Is Trump the closest we've come to losing our democratic government

Refresh my memory: how exactly did the Russians “hijack” the 2016 election? The only thing that comes to mind is that the Russians hacked a Democratic email server and released embarrassing but true information that might have cost the Democrats votes. Yes, it’s disturbing that a foreign national government interceded in the presidential election process; but would people be screaming as loudly if, say, the Israelis had released compromising information about Trump?

There is this awesome document that explains in exquisite detail all that the Russians did to compromise our election in 2016. You only need to read the first half of it, and some parts are blotted out, so you don’t have to read those either. You’d do well to acquaint yourself with it.

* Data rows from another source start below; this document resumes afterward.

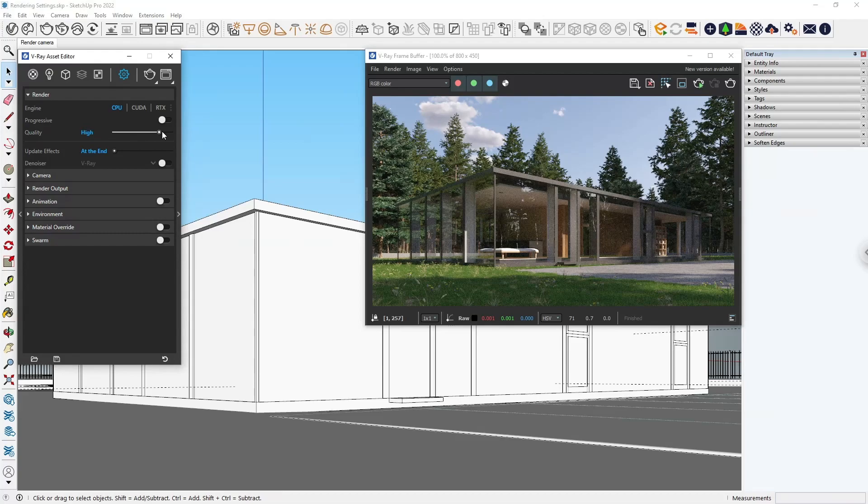While you're working on the image, you can keep the quality lower for faster results, but you might want to switch to high quality for the final image. Another feature that can help us reduce the noise and sometimes save time by setting a lower quality is the Denoiser.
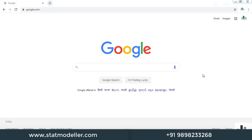Hello and welcome to the R tutorial by StateModeler. In this video, we are going to see how we can install R and RStudio in our system. So let's get started.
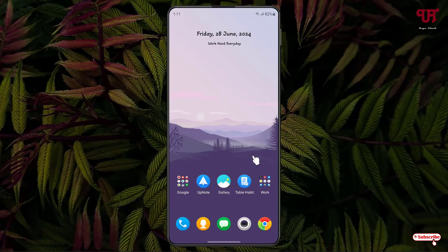Hello everyone, it's me Chabby from Unique Tutorials. Today in this video I'll show you how to enable and use the inbuilt compass in Samsung smartphones and tablets running One UI. Without further delay, let's begin.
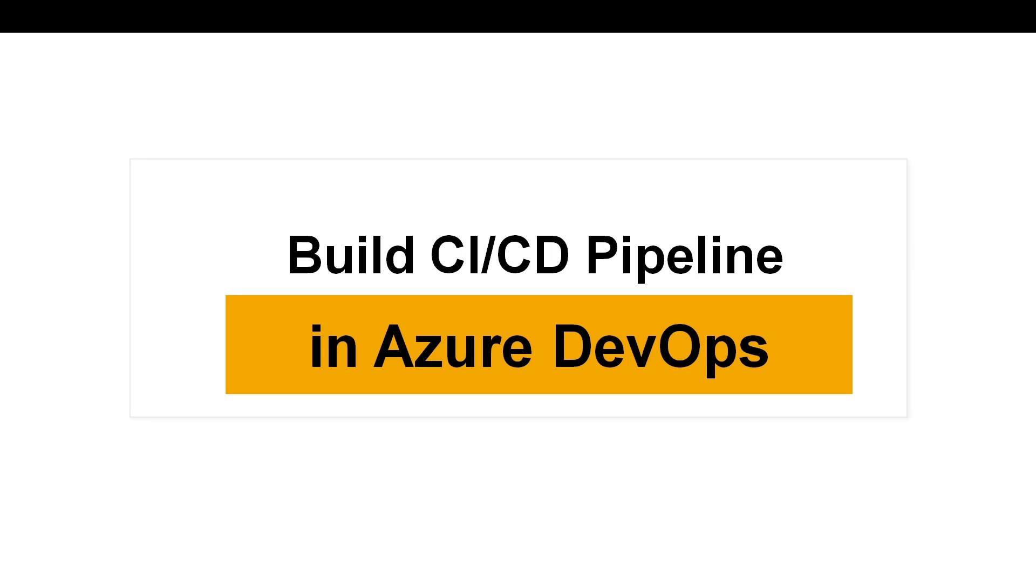Hi everyone, today in this video we shall see how to create a build pipeline in Azure DevOps for a .NET Core Web API project.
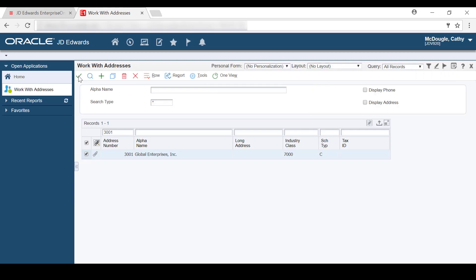Notice after saving, Enterprise One automatically returns this to the Work with Addresses form where you can see the customer record. Now that we've reviewed the steps to perform a credit hold, let's return to the Orchestrator Studio and configure a form request to perform these exact same steps.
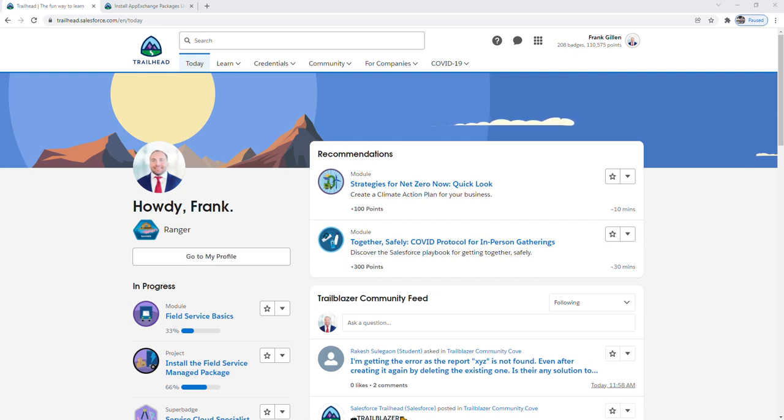The first thing you're going to need to do is to log into Trailhead. If you haven't already signed up for a free Trailhead account, then pause the video and sign up for one at trailhead.com.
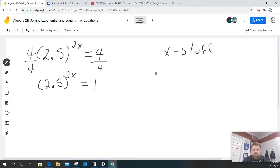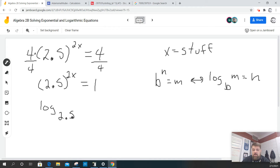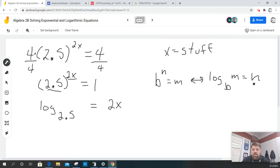Now, from here, remember that b to the n is equal to m, and the relationship between that and the log is that log base b of m is equal to n. So I can convert this to log base 2.5 of 1 equals 2x. This is b, this is n, so this is going to equal x, and then my m is just 1.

  1. At this late date I find it surprising that this is the only thing that comes to mind.
  2. That “screaming” adjective to describe people that have opposing opinions is getting a bit moldy…but since it tells us exactly what your position is, I guess it does come in handy.

I was thinking again about this question today, and I realized something ironic.

I recently listened to a podcast about how we pick a president, which went into some detail about how we came to have our present nominating process. That process was made vastly MORE democratic in the late 1960s and early 1970s largely in response to the 1968 Democratic nominating process. (More than just the convention, but motivated in large part by what happened at the convention). The Republican party implemented the same or similar democratic reforms, which put the nomination decision much more clearly in the hands of the party’s voters, and took it away from state and national party officials.

Ironically, I think most would agree that under the less democratic system, no way does Trump even get nominated. So the Trump presidency only occurs due to a high level of democracy in the strict sense.

I wonder how much it plays a role in our current highly polarized circumstances. The old smoke filled rooms way of choosing nominees had bad consequences, but so does the newer more democratic way, considering that the people are more likely to vote for someone who promises them each $1,000 and a pony without raising taxes than for someone who promises to raise the cost of fossil fuels to their true-cost levels to combat climate change.

If the election processes were better designed, I wouldn’t care how parties select their candidates.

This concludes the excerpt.